** Action item **
Please print the entries below exactly, from the line with "Hi everyone, Dr." through the line with "The refractive index detector is useless", including both of those lines and leaving out all others.

** Data under study **
------------------------------------

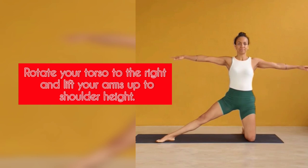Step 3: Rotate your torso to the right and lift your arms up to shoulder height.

------------------------------------

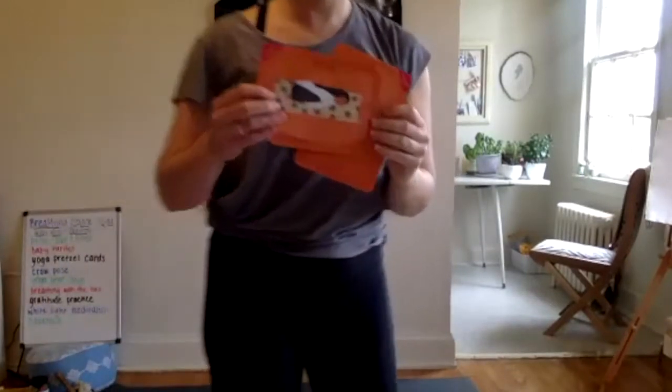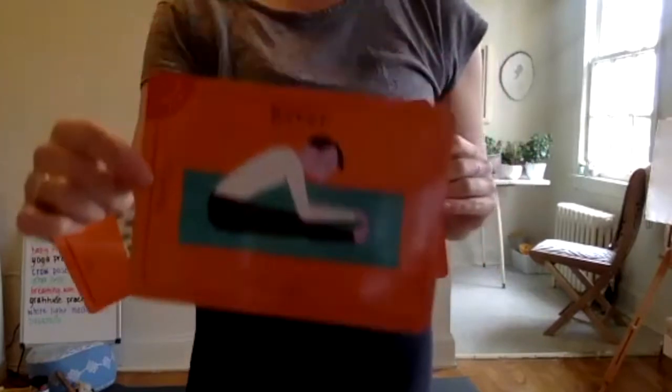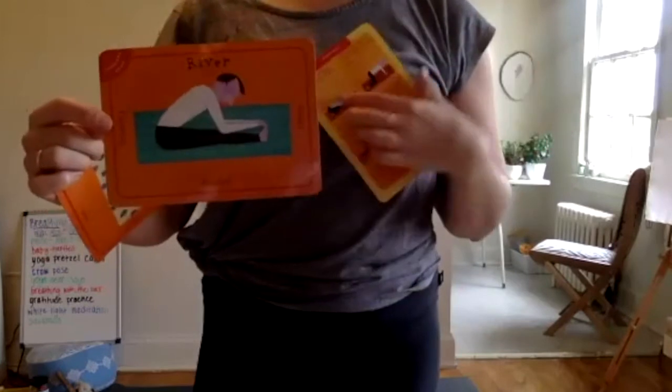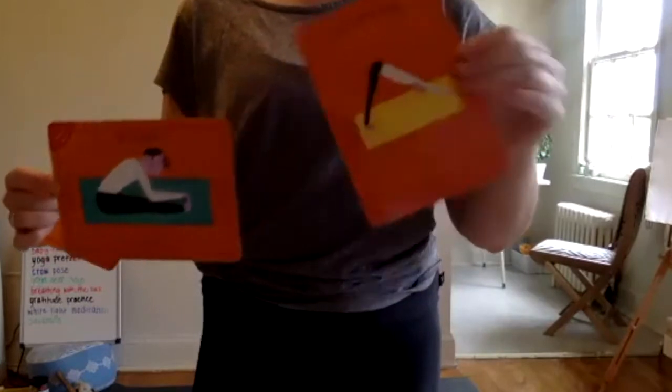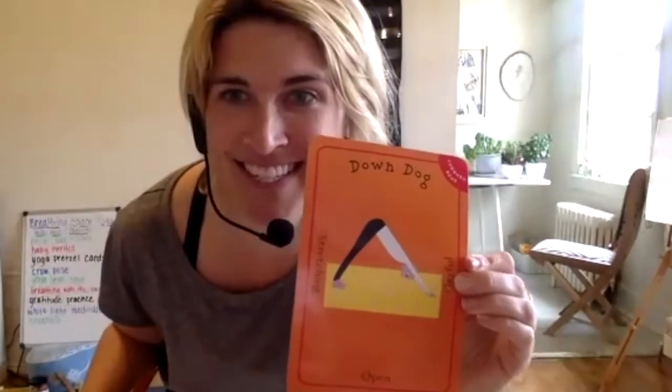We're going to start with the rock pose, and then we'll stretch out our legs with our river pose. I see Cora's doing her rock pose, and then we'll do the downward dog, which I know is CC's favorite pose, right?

------------------------------------

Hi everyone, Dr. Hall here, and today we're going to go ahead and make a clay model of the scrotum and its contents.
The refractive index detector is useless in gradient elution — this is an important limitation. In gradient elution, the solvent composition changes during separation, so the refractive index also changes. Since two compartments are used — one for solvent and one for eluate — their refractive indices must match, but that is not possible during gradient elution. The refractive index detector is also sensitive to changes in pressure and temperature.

------------------------------------

** The answer **
Hi everyone, Dr. Hall here, and today we're going to go ahead and make a clay model of the scrotum and its contents.
The refractive index detector is useless in gradient elution — this is an important limitation. In gradient elution, the solvent composition changes during separation, so the refractive index also changes. Since two compartments are used — one for solvent and one for eluate — their refractive indices must match, but that is not possible during gradient elution. The refractive index detector is also sensitive to changes in pressure and temperature.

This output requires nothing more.